【本の感想】ゲイル・キャリガー 『アレクシア女史、欧羅巴で騎士団と遭う』 川野靖子訳

ゲイル・キャリガー  『アレクシア女史、欧羅巴で騎士団と遭う』 川野靖子訳、
早川書房ハヤカワ文庫FT) 、2011年発行を読みました。

原題は『BLAMELESS』です。全五部の英国パラソル奇譚の三作目です。

☆☆☆

アレクシア女史、倫敦で吸血鬼と戦う』、『アレクシア女史、飛行船で人狼城を訪う』に続く、英国パラソル奇譚の三作目です。前作の最後にとんでもないことになったアレクシア女史の受難は冒険とアクションに彩られています。

いつも強気なアレクシア女史も今作はちょっと弱気になっています。それでも妊婦とは思えない、いつも以上の大立ち回りを見せてくれます。

アレクシア女史の受難

夫に疑われ、女王からは役職を解かれ、社交界には冷たくされ、吸血鬼には命を狙われ、味方になってくれそうなドイツの科学者とテンプル騎士団は狂信的です。そんなトラブルしかないような苦労を重ねてヨーロッパを半横断する冒険はアクションが多く退屈しません。

アレクシア女史にしても、夫のことで常々文句を言いながらも愛していることがはっきり分かります。勝気な妊婦のツンデレです。そんな可愛いアレクシア女史を見ることができます。

そして多くの苦難にも前向きに検討している様には好感が持てます。

人狼の苦難

言ってはいけないことを言ってしまった夫、しかもそれがアルファだとなおさら誤りづらく、泥酔しているマコン卿というのはなかなか、可愛く面白いのではないでしょうか。

男性陣は、ドイツの科学者もテンプル騎士団も狂信的ですし、秘書のフルーテは味方ですが距離をとっています。

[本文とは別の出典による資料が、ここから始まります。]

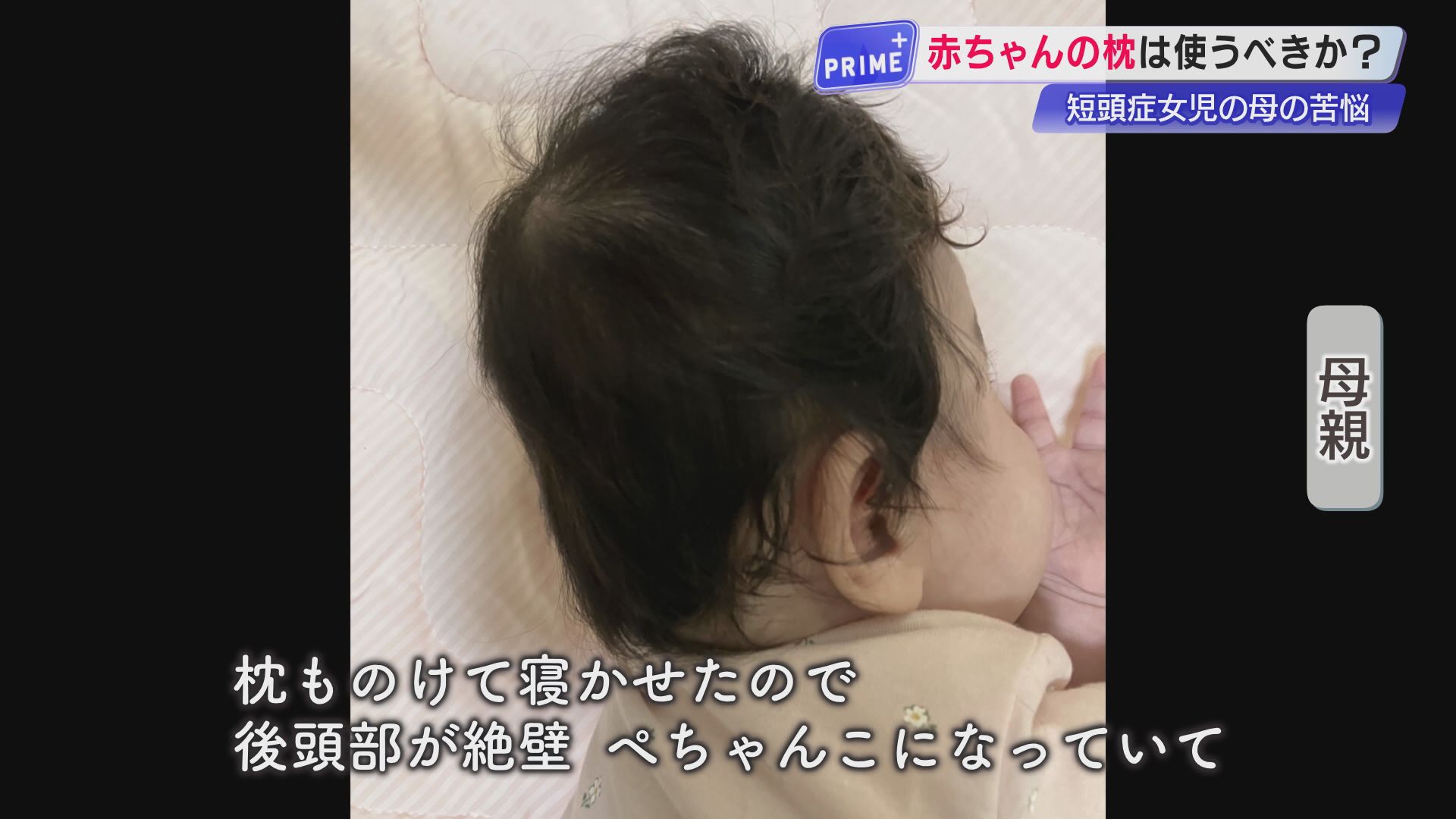 👶️ 别信“不需枕头”！宝宝头扁了，医生们吵翻了！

それらを思うに、人狼の苦難はベータのライオール教授の苦労を含めてどこかコミカルです。

さいごに

冒険とアクションの連続で、トラブルの種の理由も分かります。さいごはさいごは大立ち回りの脱出口と愛で幕を閉じます。

たいへんけっこう!……ではありますが、今までとちょっと毛並みが違います。なぜかというと、バカップルの直接的なやりとりがほとんどないからです。

トラブル&アクションであったり、ソウルレスの謎に迫ったり、別の面白さはあります。しかし、それはそれ、これはこれです。面白さの軸がちょっとずれているような感じがいます。

次巻 『アレクシア女史、女王陛下の暗殺を憂う』 では臨月間近のアレクシア女史がロンドンで活躍をします。